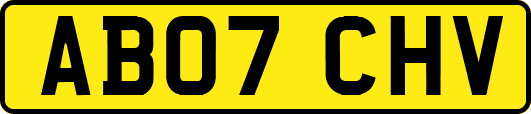 AB07CHV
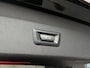 BMW X1 sDrive20i Business Edition Plus | TREKHAAK | PANO | CAMERA | CARPLAY |
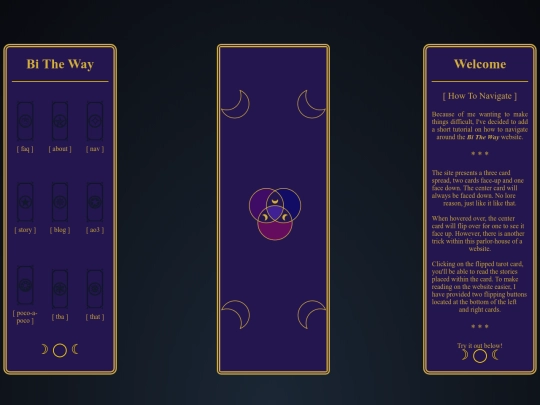 story screenshot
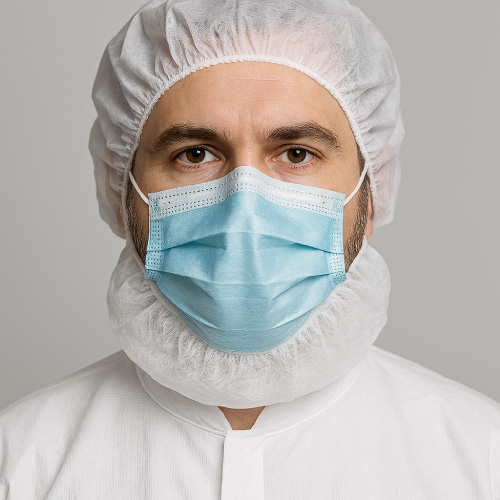 brennan & co svs personal protective equipment ppe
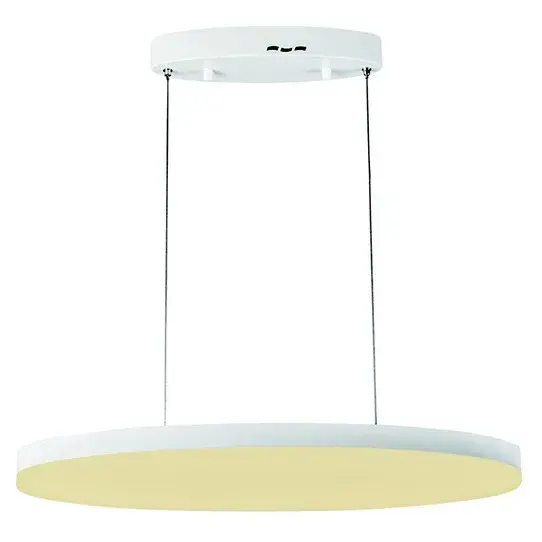 Люстра MD875O/1S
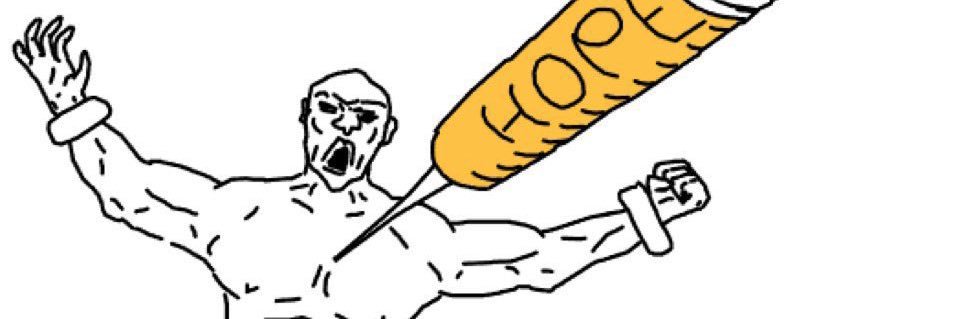 d100____'s profile banner image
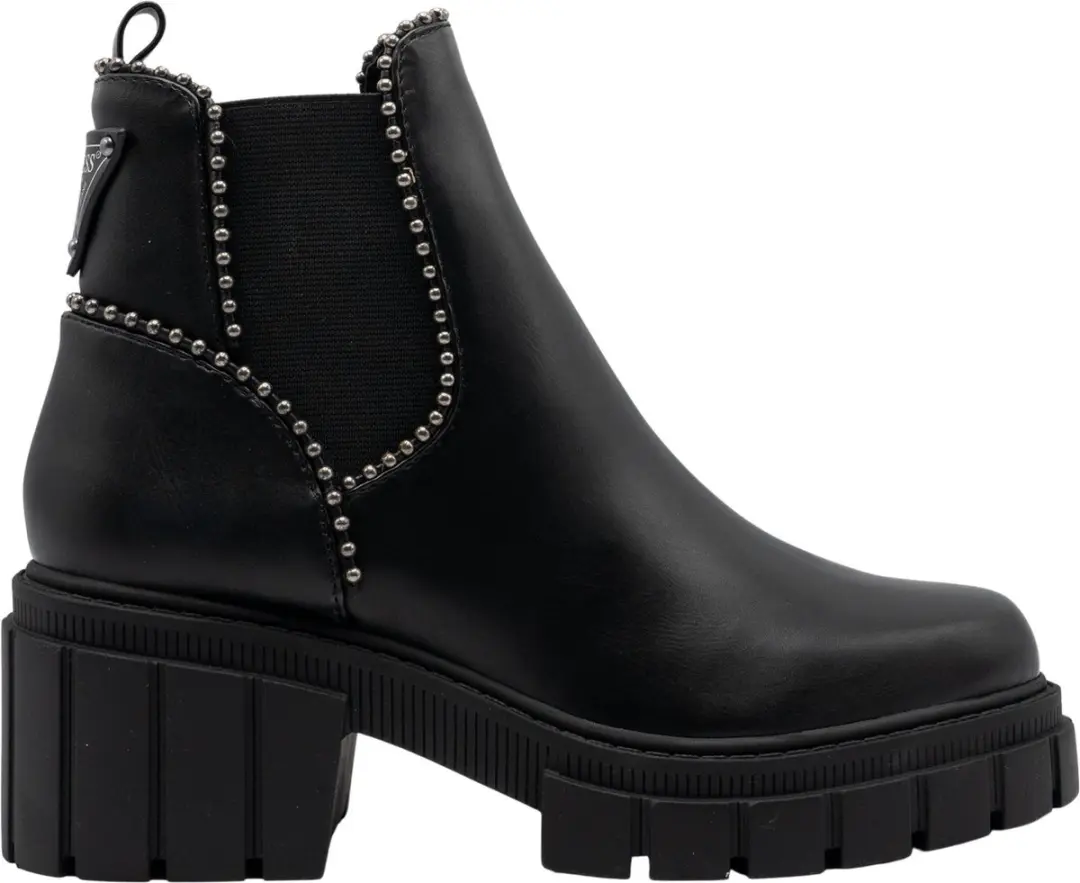 Guess Kalona/Stivaletto Dames Enkellaarzen
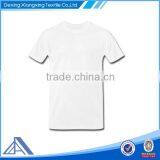 Cheap Promotional t Shirt for Man thumbnail-2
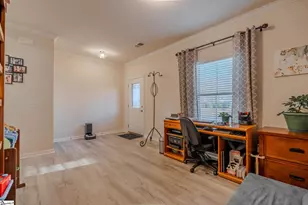 9 Chapel Hill Ln, Simpsonville, SC 29630 - Photo 10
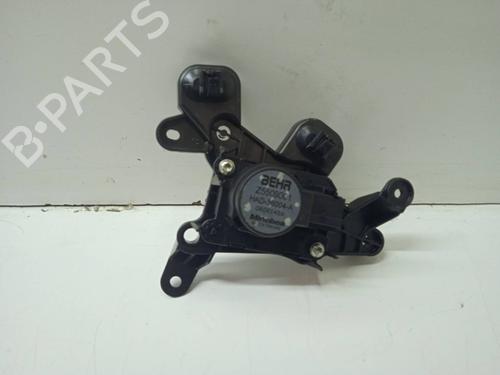 Electronic module PEUGEOT 308 SW II (LC_, LJ_, LR_, LX_, L4_)  | BP11270318M83 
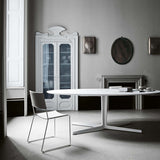 Split Spisebord - Flere varianter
++++++++++
**HOW TO COMPLETE THIS TASK**
All lines from the one containing "BMW X1 sDrive20i" through the final line of the entries above must be restated word for word, pictures excluded.

**ANSWER SPACE**
 BMW X1 sDrive20i Business Edition Plus | TREKHAAK | PANO | CAMERA | CARPLAY |
 story screenshot
 brennan & co svs personal protective equipment ppe
 Люстра MD875O/1S
 d100____'s profile banner image
 Guess Kalona/Stivaletto Dames Enkellaarzen
 Cheap Promotional t Shirt for Man thumbnail-2
 9 Chapel Hill Ln, Simpsonville, SC 29630 - Photo 10
 Electronic module PEUGEOT 308 SW II (LC_, LJ_, LR_, LX_, L4_)  | BP11270318M83 
 Split Spisebord - Flere varianter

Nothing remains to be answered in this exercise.